"""

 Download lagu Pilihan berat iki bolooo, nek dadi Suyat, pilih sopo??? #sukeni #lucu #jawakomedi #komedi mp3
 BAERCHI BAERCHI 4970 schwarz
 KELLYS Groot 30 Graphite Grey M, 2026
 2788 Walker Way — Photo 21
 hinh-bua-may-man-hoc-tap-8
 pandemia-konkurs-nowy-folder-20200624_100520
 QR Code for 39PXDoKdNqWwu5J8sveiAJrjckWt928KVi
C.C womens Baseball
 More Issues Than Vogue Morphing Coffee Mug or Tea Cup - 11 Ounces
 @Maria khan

"""

Exercise goal: Transcribe the data. Leave every line exactly as it is.

Answer area:
 Download lagu Pilihan berat iki bolooo, nek dadi Suyat, pilih sopo??? #sukeni #lucu #jawakomedi #komedi mp3
 BAERCHI BAERCHI 4970 schwarz
 KELLYS Groot 30 Graphite Grey M, 2026
 2788 Walker Way — Photo 21
 hinh-bua-may-man-hoc-tap-8
 pandemia-konkurs-nowy-folder-20200624_100520
 QR Code for 39PXDoKdNqWwu5J8sveiAJrjckWt928KVi
C.C womens Baseball
 More Issues Than Vogue Morphing Coffee Mug or Tea Cup - 11 Ounces
 @Maria khan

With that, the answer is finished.